*** PROVIDED DATA Section Begins ***

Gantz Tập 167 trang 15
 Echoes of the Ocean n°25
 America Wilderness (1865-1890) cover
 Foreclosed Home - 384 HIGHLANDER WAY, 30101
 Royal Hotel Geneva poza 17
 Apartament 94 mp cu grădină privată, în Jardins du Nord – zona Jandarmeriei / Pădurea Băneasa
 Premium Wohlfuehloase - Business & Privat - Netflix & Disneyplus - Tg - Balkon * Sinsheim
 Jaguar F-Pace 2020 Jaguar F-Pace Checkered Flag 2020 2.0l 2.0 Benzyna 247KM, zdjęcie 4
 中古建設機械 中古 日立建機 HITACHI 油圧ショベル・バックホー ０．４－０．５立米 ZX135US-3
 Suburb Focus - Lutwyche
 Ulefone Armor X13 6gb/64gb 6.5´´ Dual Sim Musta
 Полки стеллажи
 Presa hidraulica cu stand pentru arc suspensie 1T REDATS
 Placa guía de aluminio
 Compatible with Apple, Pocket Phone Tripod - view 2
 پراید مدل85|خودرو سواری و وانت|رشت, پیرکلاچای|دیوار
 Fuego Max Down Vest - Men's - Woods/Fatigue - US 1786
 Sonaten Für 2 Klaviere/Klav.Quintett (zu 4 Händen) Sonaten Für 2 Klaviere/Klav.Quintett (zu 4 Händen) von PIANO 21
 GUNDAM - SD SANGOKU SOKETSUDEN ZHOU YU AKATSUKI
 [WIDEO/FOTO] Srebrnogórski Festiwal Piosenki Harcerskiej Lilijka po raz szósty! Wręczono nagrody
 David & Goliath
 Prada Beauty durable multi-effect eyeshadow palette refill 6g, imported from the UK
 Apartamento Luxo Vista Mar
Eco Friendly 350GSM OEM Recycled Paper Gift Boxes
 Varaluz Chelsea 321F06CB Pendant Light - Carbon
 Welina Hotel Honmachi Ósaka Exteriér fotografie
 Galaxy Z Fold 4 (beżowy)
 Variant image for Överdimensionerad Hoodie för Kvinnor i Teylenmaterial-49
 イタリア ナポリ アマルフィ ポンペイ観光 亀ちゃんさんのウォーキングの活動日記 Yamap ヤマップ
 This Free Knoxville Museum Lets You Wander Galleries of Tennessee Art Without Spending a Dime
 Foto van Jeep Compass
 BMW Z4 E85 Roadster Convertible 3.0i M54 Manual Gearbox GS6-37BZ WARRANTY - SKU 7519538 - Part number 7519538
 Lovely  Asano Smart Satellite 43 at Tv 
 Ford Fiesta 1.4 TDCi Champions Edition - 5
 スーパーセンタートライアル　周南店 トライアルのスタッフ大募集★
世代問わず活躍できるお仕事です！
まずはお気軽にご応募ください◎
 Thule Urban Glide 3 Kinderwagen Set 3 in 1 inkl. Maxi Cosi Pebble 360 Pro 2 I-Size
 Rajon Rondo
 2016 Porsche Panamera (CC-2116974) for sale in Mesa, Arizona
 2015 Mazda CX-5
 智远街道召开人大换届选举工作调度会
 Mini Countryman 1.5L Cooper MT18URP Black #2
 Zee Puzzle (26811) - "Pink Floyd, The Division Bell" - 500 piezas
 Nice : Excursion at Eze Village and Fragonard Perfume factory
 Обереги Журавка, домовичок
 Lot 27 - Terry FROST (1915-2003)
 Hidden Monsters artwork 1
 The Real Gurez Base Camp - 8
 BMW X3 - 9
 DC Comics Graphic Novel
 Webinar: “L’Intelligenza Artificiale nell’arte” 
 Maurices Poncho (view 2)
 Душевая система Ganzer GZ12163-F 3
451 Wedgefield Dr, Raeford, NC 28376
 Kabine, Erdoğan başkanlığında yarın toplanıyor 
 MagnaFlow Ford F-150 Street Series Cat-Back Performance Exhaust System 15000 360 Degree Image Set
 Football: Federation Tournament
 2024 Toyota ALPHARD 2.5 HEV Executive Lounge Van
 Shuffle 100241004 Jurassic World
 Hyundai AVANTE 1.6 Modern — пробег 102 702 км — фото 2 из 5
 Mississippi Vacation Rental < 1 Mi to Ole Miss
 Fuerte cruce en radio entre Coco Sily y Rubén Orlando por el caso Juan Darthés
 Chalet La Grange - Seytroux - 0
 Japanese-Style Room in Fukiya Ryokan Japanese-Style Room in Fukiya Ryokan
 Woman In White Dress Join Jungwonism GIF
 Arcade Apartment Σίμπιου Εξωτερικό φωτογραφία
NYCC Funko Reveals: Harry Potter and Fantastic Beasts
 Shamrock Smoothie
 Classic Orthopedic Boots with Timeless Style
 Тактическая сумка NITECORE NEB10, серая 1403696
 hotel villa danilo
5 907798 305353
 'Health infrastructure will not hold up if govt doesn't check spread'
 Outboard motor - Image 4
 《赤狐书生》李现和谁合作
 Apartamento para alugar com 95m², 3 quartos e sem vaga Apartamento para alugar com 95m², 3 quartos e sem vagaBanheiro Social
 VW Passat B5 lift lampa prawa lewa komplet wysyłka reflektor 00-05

*** PROVIDED DATA Section Ends ***

WHAT IS BEING ASKED:
Output the records in full, exactly.

SOLUTION:
Gantz Tập 167 trang 15
 Echoes of the Ocean n°25
 America Wilderness (1865-1890) cover
 Foreclosed Home - 384 HIGHLANDER WAY, 30101
 Royal Hotel Geneva poza 17
 Apartament 94 mp cu grădină privată, în Jardins du Nord – zona Jandarmeriei / Pădurea Băneasa
 Premium Wohlfuehloase - Business & Privat - Netflix & Disneyplus - Tg - Balkon * Sinsheim
 Jaguar F-Pace 2020 Jaguar F-Pace Checkered Flag 2020 2.0l 2.0 Benzyna 247KM, zdjęcie 4
 中古建設機械 中古 日立建機 HITACHI 油圧ショベル・バックホー ０．４－０．５立米 ZX135US-3
 Suburb Focus - Lutwyche
 Ulefone Armor X13 6gb/64gb 6.5´´ Dual Sim Musta
 Полки стеллажи
 Presa hidraulica cu stand pentru arc suspensie 1T REDATS
 Placa guía de aluminio
 Compatible with Apple, Pocket Phone Tripod - view 2
 پراید مدل85|خودرو سواری و وانت|رشت, پیرکلاچای|دیوار
 Fuego Max Down Vest - Men's - Woods/Fatigue - US 1786
 Sonaten Für 2 Klaviere/Klav.Quintett (zu 4 Händen) Sonaten Für 2 Klaviere/Klav.Quintett (zu 4 Händen) von PIANO 21
 GUNDAM - SD SANGOKU SOKETSUDEN ZHOU YU AKATSUKI
 [WIDEO/FOTO] Srebrnogórski Festiwal Piosenki Harcerskiej Lilijka po raz szósty! Wręczono nagrody
 David & Goliath
 Prada Beauty durable multi-effect eyeshadow palette refill 6g, imported from the UK
 Apartamento Luxo Vista Mar
Eco Friendly 350GSM OEM Recycled Paper Gift Boxes
 Varaluz Chelsea 321F06CB Pendant Light - Carbon
 Welina Hotel Honmachi Ósaka Exteriér fotografie
 Galaxy Z Fold 4 (beżowy)
 Variant image for Överdimensionerad Hoodie för Kvinnor i Teylenmaterial-49
 イタリア ナポリ アマルフィ ポンペイ観光 亀ちゃんさんのウォーキングの活動日記 Yamap ヤマップ
 This Free Knoxville Museum Lets You Wander Galleries of Tennessee Art Without Spending a Dime
 Foto van Jeep Compass
 BMW Z4 E85 Roadster Convertible 3.0i M54 Manual Gearbox GS6-37BZ WARRANTY - SKU 7519538 - Part number 7519538
 Lovely  Asano Smart Satellite 43 at Tv 
 Ford Fiesta 1.4 TDCi Champions Edition - 5
 スーパーセンタートライアル　周南店 トライアルのスタッフ大募集★
世代問わず活躍できるお仕事です！
まずはお気軽にご応募ください◎
 Thule Urban Glide 3 Kinderwagen Set 3 in 1 inkl. Maxi Cosi Pebble 360 Pro 2 I-Size
 Rajon Rondo
 2016 Porsche Panamera (CC-2116974) for sale in Mesa, Arizona
 2015 Mazda CX-5
 智远街道召开人大换届选举工作调度会
 Mini Countryman 1.5L Cooper MT18URP Black #2
 Zee Puzzle (26811) - "Pink Floyd, The Division Bell" - 500 piezas
 Nice : Excursion at Eze Village and Fragonard Perfume factory
 Обереги Журавка, домовичок
 Lot 27 - Terry FROST (1915-2003)
 Hidden Monsters artwork 1
 The Real Gurez Base Camp - 8
 BMW X3 - 9
 DC Comics Graphic Novel
 Webinar: “L’Intelligenza Artificiale nell’arte” 
 Maurices Poncho (view 2)
 Душевая система Ganzer GZ12163-F 3
451 Wedgefield Dr, Raeford, NC 28376
 Kabine, Erdoğan başkanlığında yarın toplanıyor 
 MagnaFlow Ford F-150 Street Series Cat-Back Performance Exhaust System 15000 360 Degree Image Set
 Football: Federation Tournament
 2024 Toyota ALPHARD 2.5 HEV Executive Lounge Van
 Shuffle 100241004 Jurassic World
 Hyundai AVANTE 1.6 Modern — пробег 102 702 км — фото 2 из 5
 Mississippi Vacation Rental < 1 Mi to Ole Miss
 Fuerte cruce en radio entre Coco Sily y Rubén Orlando por el caso Juan Darthés
 Chalet La Grange - Seytroux - 0
 Japanese-Style Room in Fukiya Ryokan Japanese-Style Room in Fukiya Ryokan
 Woman In White Dress Join Jungwonism GIF
 Arcade Apartment Σίμπιου Εξωτερικό φωτογραφία
NYCC Funko Reveals: Harry Potter and Fantastic Beasts
 Shamrock Smoothie
 Classic Orthopedic Boots with Timeless Style
 Тактическая сумка NITECORE NEB10, серая 1403696
 hotel villa danilo
5 907798 305353
 'Health infrastructure will not hold up if govt doesn't check spread'
 Outboard motor - Image 4
 《赤狐书生》李现和谁合作
 Apartamento para alugar com 95m², 3 quartos e sem vaga Apartamento para alugar com 95m², 3 quartos e sem vagaBanheiro Social
 VW Passat B5 lift lampa prawa lewa komplet wysyłka reflektor 00-05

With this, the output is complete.